John Orr appeals his jury conviction and the restitution order imposed as part of his sentence for three counts of arson, in violation of 18 U.S.C. § 844(i). We affirm, but strike part of the judgment.

Over Orr's objection, the trial court allowed the government to introduce evidence of a March 9, 1989, arson fire at the Pacific Home Improvement store in Atascadero.
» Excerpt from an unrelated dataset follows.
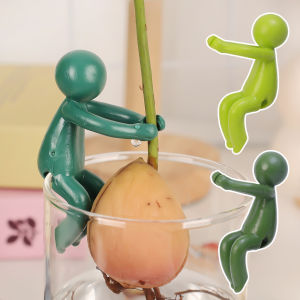 3Pcs Cute Green Man Plant Stand Plastic Plant Support Pile Greenhouse Arrangement Fixed Rod Indoor Flower Plant Vine Climbing Bracket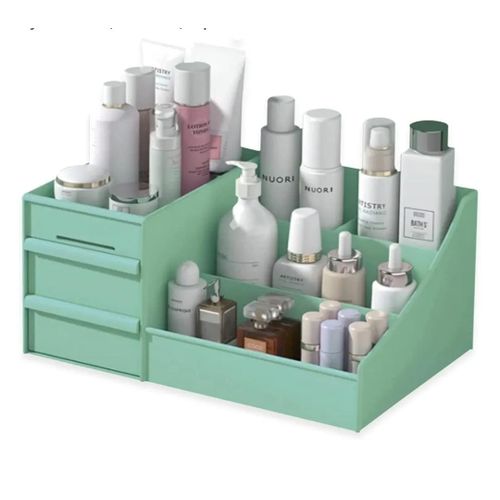 product_image_name-Generic-MAKEUP ORGANIZER / PLASTIC COSMETIC STORAGE BOX - GREEN-1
The district court decided to admit the government's evidence about the Atascadero arson fire because of its similarity to the Tulare/Bakersfield fires and because Orr was in the vicinity of Atascadero at the time the fire was set. Fed.R.Evid. 404(b). The problem with the court's decision was that the government failed to introduce sufficient evidence to support a finding that Orr set the Atascadero fire. United States v. Robertson, 15 F.3d 862, 869-70 (9th Cir. 1994); see Huddleston v. United States, 485 U.S. 681, 689, 108 S. Ct. 1496, 1501, 99 L. Ed. 2d 771 (1988).
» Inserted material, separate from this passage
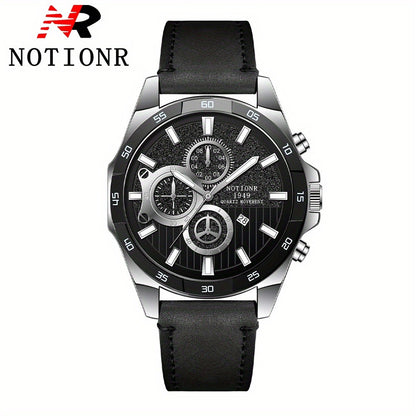 Men's Quartz Watch - NOTIONR 's Faux Leather Date Display, Round Dial, Business & Sport Casual - product detail view 19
The district court employed the following logic to reach its decision to admit the Atascadero fire evidence. The Atascadero and Bakersfield/Tulare fires were set by arsonists with the same modus operandi. Therefore, the conclusion that Orr set the Bakersfield/Tulare fires is supported to some degree by the fact that he set the Atascadero fire. We know he set the Atascadero fire because it is so similar to the Bakersfield/Tulare fires. The problem with this logic is that it is somewhat backwards. The evidence of the crimes charged against him was used to show that he committed the crime not charged against him.
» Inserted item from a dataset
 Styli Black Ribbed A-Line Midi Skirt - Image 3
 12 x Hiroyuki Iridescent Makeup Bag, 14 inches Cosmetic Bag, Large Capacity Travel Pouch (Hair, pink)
The record does not support the inference that Orr set the Atascadero fire. He was in the vicinity of Atascadero when the fire was set, but that in itself does not suggest that he set the fire. Without evidence that Orr set the Atascadero fire, the fact that it was set does not tend to prove anything about whether Orr set the Bakersfield/Tulare fires, which were the subject of the indictment against him. See Arizona v. Elmer, 21 F.3d 331, 335-36 (9th Cir. 1994) It was an abuse of discretion for the court to admit evidence of that fire under Fed.R.Evid. 404(b).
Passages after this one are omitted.